It's a smart move, if you're a long-term stock investor, to maintain a list of stocks you're interested in or are eager to own. So I keep my own list as an online portfolio. When I add a company to it, I pretend that I've bought one share, at its price as of the day I add it. Then, whenever I look at the list, I can see how much each stock has risen or fallen since I added it to the list -- and that can help me spot potential bargains.
A watch list, whether you maintain it online or in a paper notebook, can be very handy during market downturns, as it will remind you about stocks you'd like to own, some of which may be priced attractively.
Here are three growth stocks on my own buy list -- see if they should be on yours, too.
1. Adobe
There's a lot more to Adobe (ADBE -0.91%) than many people realize. It's perhaps best known for its digital media applications, which include Photoshop for image editing, Premiere Pro for video editing, Illustrator for vector graphics, and its widely used Acrobat application, facilitating the creation, editing, and sharing of digital documents.
The company's Experience Cloud offers a suite of tools and services, such as analytics and marketing, related to content and commerce. Adobe Analytics, for example, offers insights to customers based on an analysis of more than a trillion visits to retailer websites. Its Document Cloud includes Adobe Scan (the leading scanning app) and Adobe Acrobat Sign, a digital signature service rivaling that of DocuSign. And Adobe keeps expanding its offerings, with new services such as Substance for 3D design and Aero for augmented reality.
Adobe is an impressive growth stock, with its second-quarter revenue up 14% over year-ago levels and cash flow from operations coming in at more than $2 billion. The company's profit margins are fat, too -- its net profit margin was recently a hefty 27%.
It's a stock I'd love to own, and its price is appealing, too. It's recently down 46% from its 52-week high and with a recent price-to-earnings (P/E) ratio of 37, well below the five-year average of 52.6.
2. Nvidia
Nvidia (NVDA -2.55%) is a semiconductor designer, specializing in graphics processing units (GPUs) used by entities such as gaming systems, cloud computing operations, and data centers. It's also much more than just a semiconductor company, as it's heavily involved in artificial intelligence and in the acceleration of various applications. The company itself explains:
NVIDIA accelerates more than 700 applications today, including the top 15 in scientific computing. By addressing the entire computing stack, we can drive continuous speed improvements on these applications even without releasing new GPUs. We've accelerated core High-Performance Computing applications -- used to discover new drugs, explore the cosmos, and predict the weather -- by 13X in just five years.
Meanwhile, Nvidia is growing briskly, with its first-quarter revenue popping 46% over year-ago levels, and certain divisions growing even faster.
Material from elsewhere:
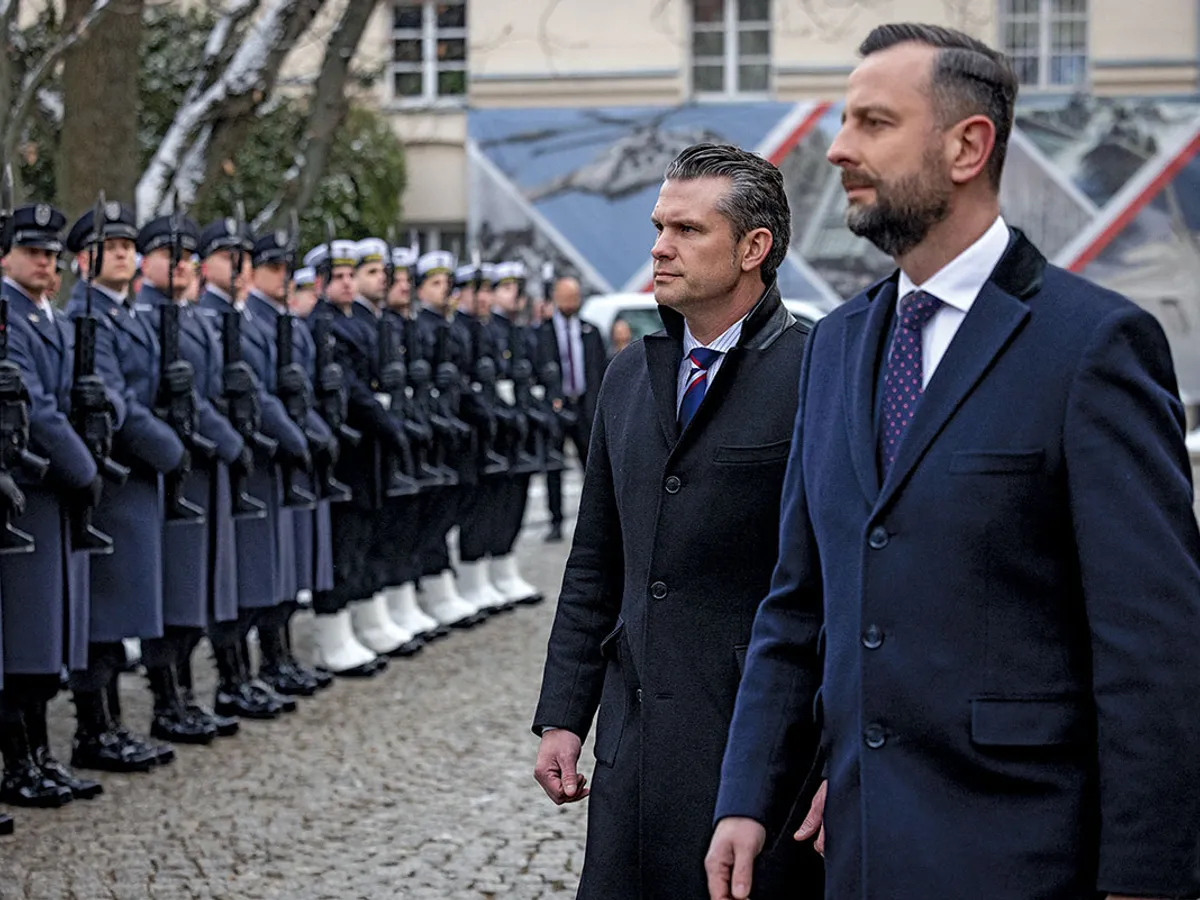 Secretarul american al Apărării Pete Hegseth alături de ministrului polonez al apărării Władysław Kosiniak-Kamysz la Varșovia pentru o inspecție a gărzii de onoare - Foto: Getty Images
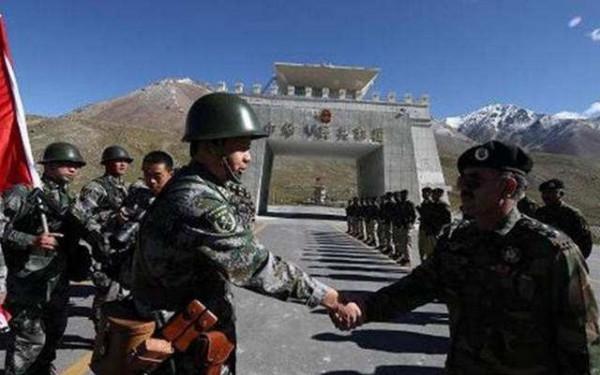 中國這道邊境線，對鄰國不設任何防線，兩國士兵沒事就串門蹭飯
For example, "First-quarter [data center] revenue was a record $3.75 billion, up 83% from a year ago and up 15% from the previous quarter." The company is expanding in multiple directions and is a leader in many, so its growth potential is quite promising.
I've long wanted to be a Nvidia shareholder, but the stock has always seemed too expensive. The shares were recently down some 53% from their 52-week high, which makes them far more attractively priced -- but according to many measures, it's still not a screaming bargain.
3. Texas Instruments
Texas Instruments (TXN 0.18%) is the oldest company in this group, founded in 1930. It's another chipmaker, churning out tens of billions of them annually, and it specializes in analog chips, which are needed for certain applications, such as sensors.
Texas Instruments is old, it's big -- with a recent market value topping $140 billion -- and it's still growing. Its first quarter featured revenue up 14% year over year, while free cash flow came in at $6.5 billion -- fully 34% of revenue. It's a company I'd like to own because it's a longtime major cash producer in an industry that's only going to grow for the foreseeable future. (Its longevity suggests that its management has experience dealing with all kinds of markets and can adapt to change -- those are big plusses.)
On top of all that, while Adobe pays no dividend and Nvidia pays a currently tiny one, Texas Instruments offers a meaningful payout -- recently yielding 2.9%. Its stock was recently down more than 20% from its 52-week high, too.
These are just three of many very appealing companies out there. Remember that while a down market like today's can be unsettling, it can also present great investing opportunities.